- Conoho Creek Historic District
- U.S. National Register of Historic Places
- U.S. Historic district
- Location: Roughly bounded by Conoho Cr., Salsbury Mill Branch, and 0.5 miles S of NC 142, near Hassell, North Carolina
- Coordinates: 35°54′31″N 77°14′21″W﻿ / ﻿35.90861°N 77.23917°W
- Area: 2,800 acres (1,100 ha)
- Built: 1890
- Architectural style: Georgian, Federal, Greek Revival
- NRHP reference No.: 98000230
- Added to NRHP: March 12, 1998

= Conoho Creek Historic District =

Historic district in North Carolina, United States

Conoho Creek Historic District is a national historic district located near Hassell, Martin County, North Carolina.

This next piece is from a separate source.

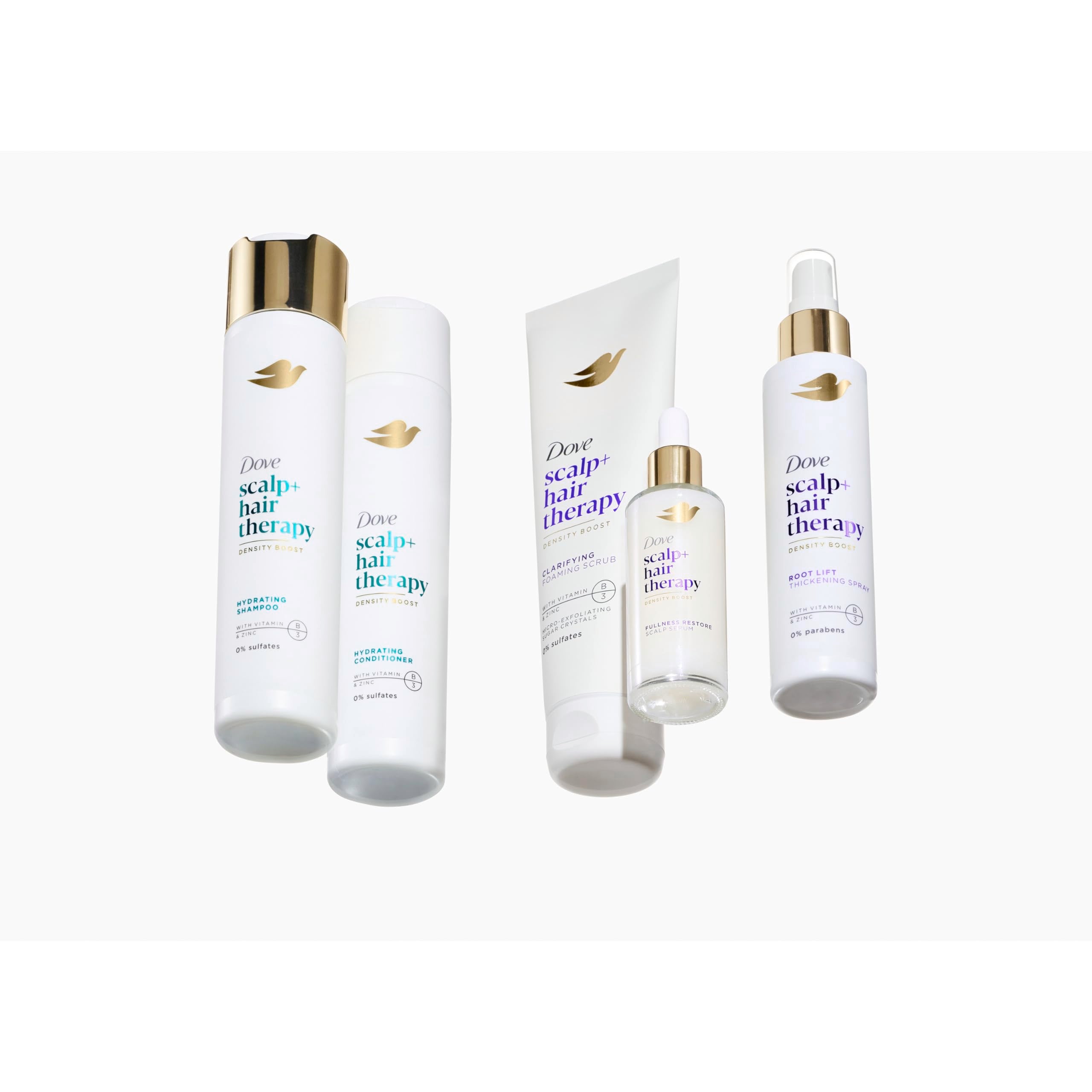 Dove Density Boost Serum with Vitamin B3, Zinc and 0% Sulfates - Hair Fullness Restorer for Visibly Boosting Hair Density, 2 oz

The district encompasses 77 contributing buildings, 6 contributing site, 5 contributing structures, and 2 contributing objects in a rural agricultural and woodland area of Martin County. They include notable examples of Federal, Georgian, and Greek Revival architecture in buildings dated from the early-19th century through the 1940s. Notable contributing resources include the Outterbridge-Everett Farm, Outterbridge-Briley-Purvis house, the Sherrod-Best-Fleming Farm, the Ballard-Hyman-Thomas Farm, the Ballard-Salsbury-Eubanks Farm, the Cherry-Council House, and the Haislip House.

It was listed on the National Register of Historic Places in 1998.